Notes On Docker

Contents

local

Overview

We will look at deploying hadoop cluster using docker. Classic use case to illustrate power of docker.

image

Work Flow

  • Install docker on your system. Preferably use docker repository to get latest docker. Check the status:

    sudo systemctl status docker
    
  • Search and identify the available images to pull from. (Note: You can also build image from your DockerFile) :

    docker search centos
    docker search hadoop
    
    # If you want to display all tags of specific repo ...
    docker run harisekhon/pytools dockerhub_show_tags.py centos   
    docker run harisekhon/pytools dockerhub_show_tags.py harisekhon/hadoop
    
  • Pull image from repo or build image from your DockerFile :

    docker pull centos:7   # centos:7   ===  image_name:tag_name
    docker images -a       # List all available images.
    
    docker pull harisekhon/hadoop:2.9
    docker pull uhopper/hadoop
    
  • Invoke container from available image and attach stdin/stdout :

    docker container run -it uhopper/hadoop  bash   # -i Interactive; -t attach pseudo tty
    # The option -dt means: Attach tty, but run in background -d daemon mode.
    

Create Hadoop cluster

To create 1 Master + 2 Slaves with following services:

  • Master node to run NameNode and ResourceManager (They can run in different nodes in general). The NameNode and DataNodes belong to HDFS and totally independent of Resource Manager and Node Managers.
  • Slave Node to run NodeManager and DataNode services.
  • Total Services 2 + 2*2 = 6 Services. These 6 Services could run in 6 nodes, if need be.
  • Let us use docker cluster from http://github.com:Lewuathe/docker-hadoop-cluster.git Also See: https://hub.docker.com/r/lewuathe/hadoop-base This lets you build your own docker configuration with the base image of your version.

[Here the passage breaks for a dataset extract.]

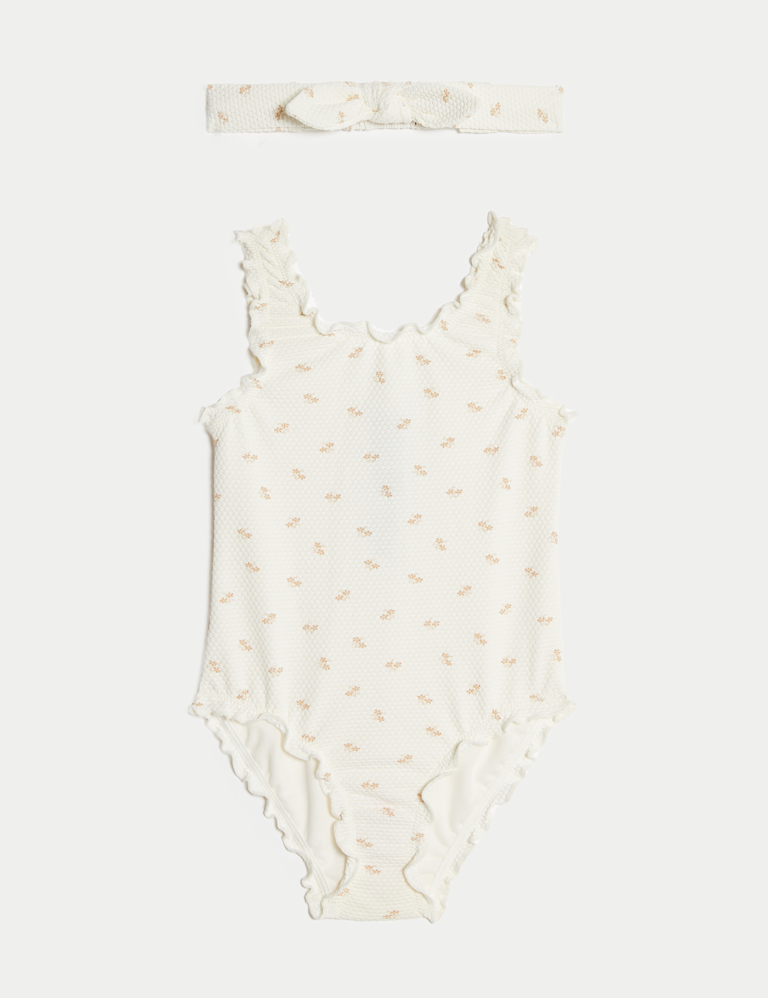 2pc Ditsy Floral Swimsuit & Headband (0-3 Yrs)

* Create Simple primitive 2 slaves cluster .. :

# Just to create basic Hadoop cluster with hdfs ...
# See https://github.com/codito/hadoop-expt

git clone https://github.com/codito/hadoop-expt
cd hadoop-expt
docker-compose -f hadoop-basic.yml up

docker inspect namenode | grep IPAddress

xdg-open http://172.18.0.3:50070/     # See name node data nodes setup details here.

# See https://bitbucket.org/uhopper/hadoop-docker/src/master/README.md

Synopsis

# Install docker and docker-compose using yum install or apt install etc.

sudo systemctl status docker

docker run hello-world

docker search centos               # Search and see most popular repos.
docker search hadoop               # 


docker pull centos:7
docker images                         # images are snapshot of containers.
docker container run -it centos bash  # container created from image on "run" 
docker rm  contaier-id
docker rmi image-id


# Inspect data root dir and other network details
docker info


docker ps                             # lists running containers
dock container ls -a                  # List all
dock container rm container-id        # List all
docker port namenode                  # No ports exposed yet.

# See  https://medium.freecodecamp.org/expose-vs-publish-docker-port-commands-explained-simply-434593dbc9a3
# You must expose from container *and* publish from host for port mapping to work.
# To use ssh to initiate port forwarding 



# Here’s how we can set the blocksize.

# Set following in the hadoop.env file
HDFS_CONF_dfs_blocksize=1m

Ctrl-C
docker-compose up  # Recreates /etc/ files using the .env file values.

docker exec -it namenode bash

root@namenode:/$ cd tmp
Download Complete Works of Mark Twain and push it to HDFS.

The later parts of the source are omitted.